Wounded nationalists were shown great solicitousness by Aaron's
ambulance corps while the members of the anti-Semitic Russian
Commando, according to their own reports, were greeted as
compatriots on their arrival by Russian Jews who showered
them with fruit, cigars and good wishes.
Last July, the
remains of Tsar Nicholas and his family were ceremoniously
buried at St Petersburg, exactly 80 years after they were
murdered by the Bolsheviks at Yekaterinburg, in the Urals,
for fear of the advancing white Russians. The opposition of
King George V in 1917 to grant his deposed cousin asylum in
Britain, may have sealed the imperial family's fate.
The British Empire
came to an end after W.W.II. It did so in an orderly manner
as no other empire in history.

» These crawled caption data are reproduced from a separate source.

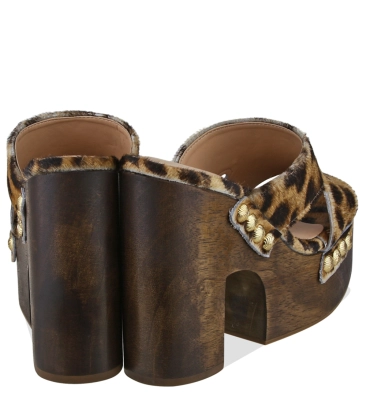 SANDÁLIA SALTO ALTO PLATAFORMA LUIZA BARCELOS ANIMAL PRINT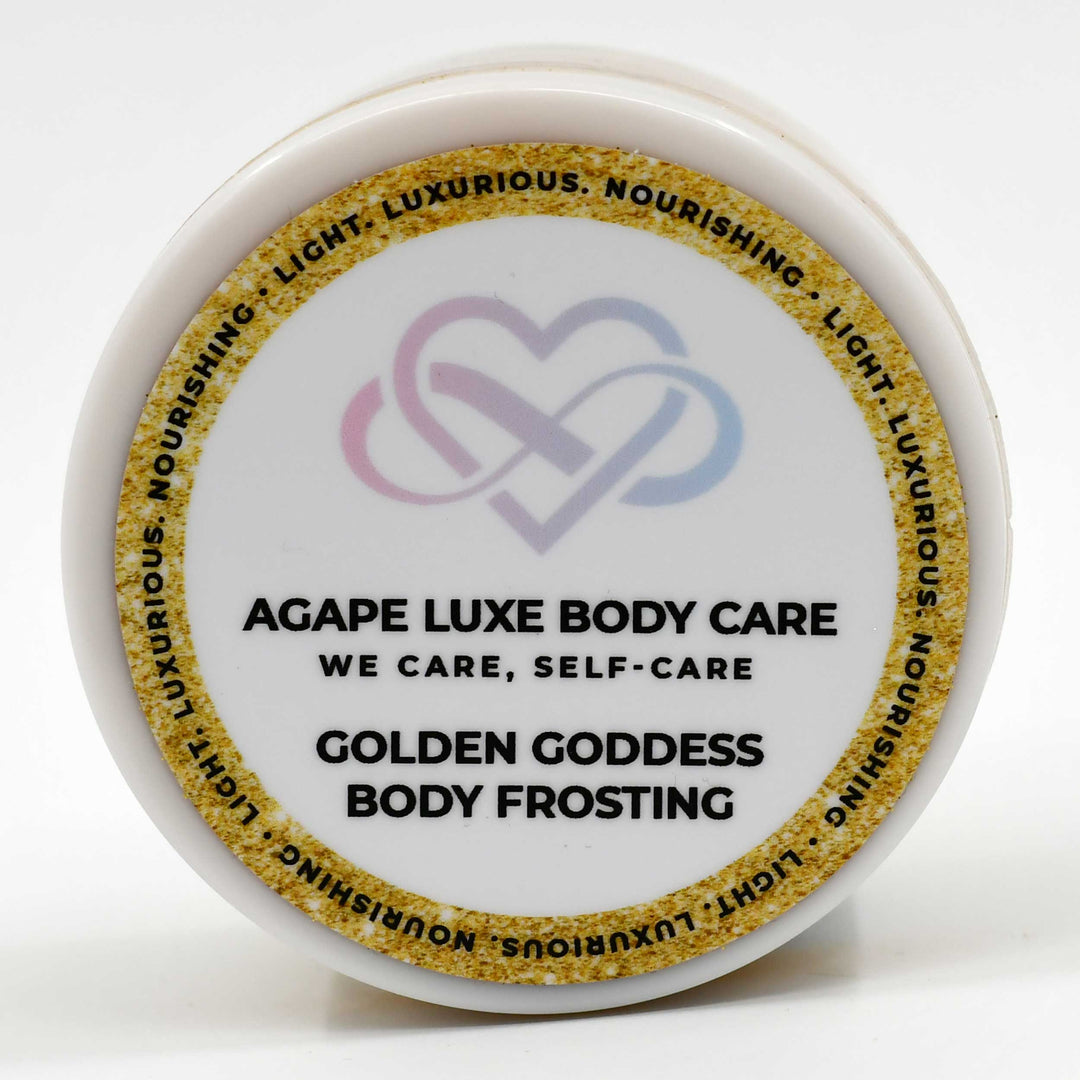 Container of Agape Luxe Body Care Golden Goddess Body Frosting on a white background
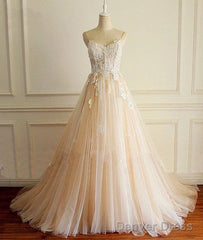 Champagne V Neck Tulle Lace Long Prom Dress, Champagne Tulle Evening Dress
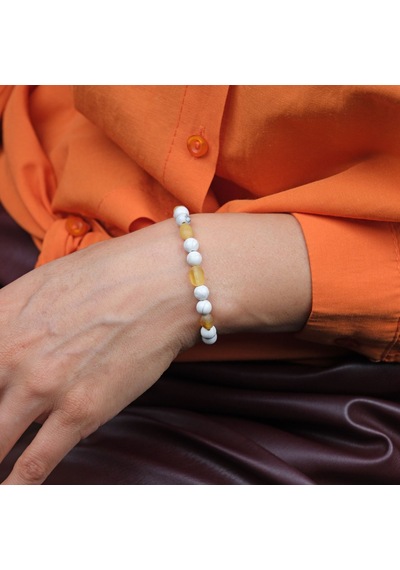 Havlit-damla Kehribar Kolye Ve Bileklik Set Sarı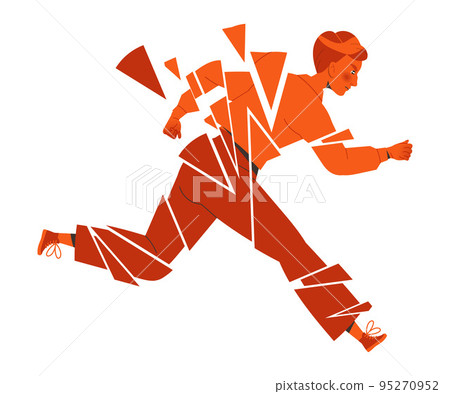 Stressed Man Character Running with Red Body Broken to Pieces Feeling Anger and Resentment Vector Illustration 95270952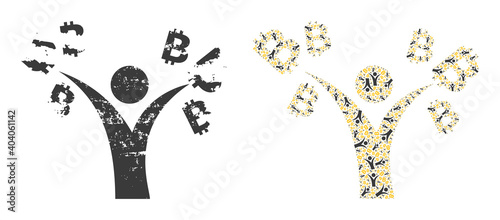 Vector bitcoin man composition is made of random fractal bitcoin man parts. Distress bitcoin man icon. Fractal combination of bitcoin man.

Overnight, it became The Commonwealth.
Even without "British" and without the crown, it goes from
strength to strength.
South Africa that
had left it earlier came running back under Mandela. This
augurs well both for South Africa as well as for the Commonwealth.
Just like the
Jews, by sheer tenacity and obduracy, the British have left
their mark in the world. The one has given half of mankind
its religious beliefs; the other has given half mankind the
nearest thing to an international language, as well as, the
tradition of Parliamentary democracy.